I imagine I would need to derive a new class from gimple_ranger
and override some virtual member functions.  (And maybe also do
the same for ranger_cache?)

Does this sound like something I should be able to do within
the framework?  If yes, do you have any tips or suggestions for
where/how to start?

That is not really going to work. The cache is agnostic as to why there are ranges or what caused them.  It is primarily a propagation engine which utilizes the edge ranges provided by GORI and range-ops.  Ranger itself is the controller for this property propagation.

GORI does not treat any statement as special.  It is an equation solver which uses range-ops to algebraically solve for an unknown value when the other values are known.  The "if" condition at the exit of a basic block is considered no different than an assignment statement where the LHS is either [0,0] or [1,1] depending on the edge you are looking at.    So to use your example above for just m:

     <bb 2> :
     if (m_6(D) <= 2)
       goto <bb 3>; [INV]       //  [1,1] = m_6 <= 2
     else
       goto <bb 4>; [INV]      //    [0,0] = m_6 <= 2

2->3  (T) m_6(D) :      int [-INF, 2]
2->4  (F) m_6(D) :      int [3, +INF]

=========== BB 3 ============
     <bb 3> :

=========== BB 4 ============
Imports: n_8(D)
Exports: n_8(D)
n_8(D)  int VARYING
     <bb 4> :
    # m_3 = PHI <m_6(D)(2), 3(3)>    //  m_3 = union (m_6 (2->4), [3,3]) = union ([3, +INF],[3,3]) = [3, +INF]

m_3 : int [3, +INF]


We generate 3 ranges for m..  m_6 on the 1)edge 2->3, 2)edge 2->4 and 3)combine them with the constant 3 to produce m_3 at the PHI.

This all happens at a fairly low level, and you wont be able to overload anything to be able to log it in a sensible fashion.
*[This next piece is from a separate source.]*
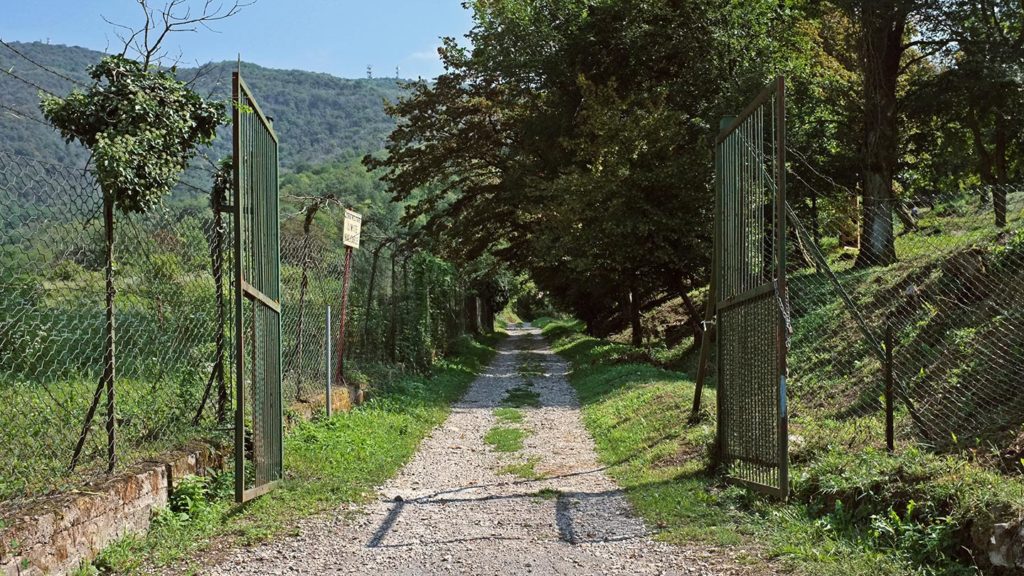  Monte Maddalena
And I'm not sure how you would go about logging the arbitrarily long series of actions that result in the range you are looking at, and then utilize it.  GORI could tell you that m_6 and m_3 are used in the range calculation, but then the IL tells you that too.

Yes, it is in the IL, and I need to get it from there.  Ranger
traverses the IL to build up the cache and I thought if I could
hook into it I could, in addition, collect the GIMPLE_CONDs that
Ranger relies on to determine the bounds.  (For each SSA_NAME
I'm thinking I'd collect an array of either the GIMPLE_CONDs,
or perhaps more usefully the edges between the CONDs and
the branches that contribute to the lower (and maybe also upper)
bounds.

The only other way to do it that I can think of is to recreate
the same process Ranger uses, except outside of it (including
all the computation and range propagation).

Thanks
Martin

PS I'm assuming -O0 for the above test case where the m + n
expression is a sum of two PHIs.  With -O1 and higher some of
the integer conditionals end up transformed into MAX_EXPRs so
it will likely need to be handled differently or I may not be
able to capture all the conditions reliably.  I don't know how
much that might compromise the result.

Within ranger is is irrelevant whether its from a MAX or a condition.

   <bb 3> [local count: 574129753]:
   _5 = MAX_EXPR <n_6(D), 4>;
   _7 = MAX_EXPR <m_4(D), 3>;
   _1 = _5 + _7;

_7 generates a range of [3, +INF] based on range-ops knowledge of how MAX works.

In both cases, for m_3 above and _7, the range of [3, +INF] is generated at the definition point... One is a PHI which includes some CFG propagation to retrieve the argument values and perform the calculation, and  _7 which is much simpler.. its just the global characteristic of the statement calculated by range-ops where the LHS is the unknown in the equation.  Ultimately, both ranges are created at the definition point of the ssa_name  _7 or m_3.

Understood.


The question is what precisely do you want to do with the IL  and what do you want to point at?  Optimization makes mapping things back to the original IL problematic to be sure, and as you can see with the _7, even the symbolic name can become lost or changed.

Right.  To print the conditional expression I expand each SSA_NAME
to its definition (variable, function call, or expressions like *p).
There's some loss of accuracy in the process so the result is not
a perfect reflection of the original source code.  Some things are
uglier than others.  But printing the expanded expressions is just
one possibility and it may not be best.  Just pointing to
the GIMPLE_CONDs and indicating which branch, when taken, leads
to the offending statement might be a simpler alternative.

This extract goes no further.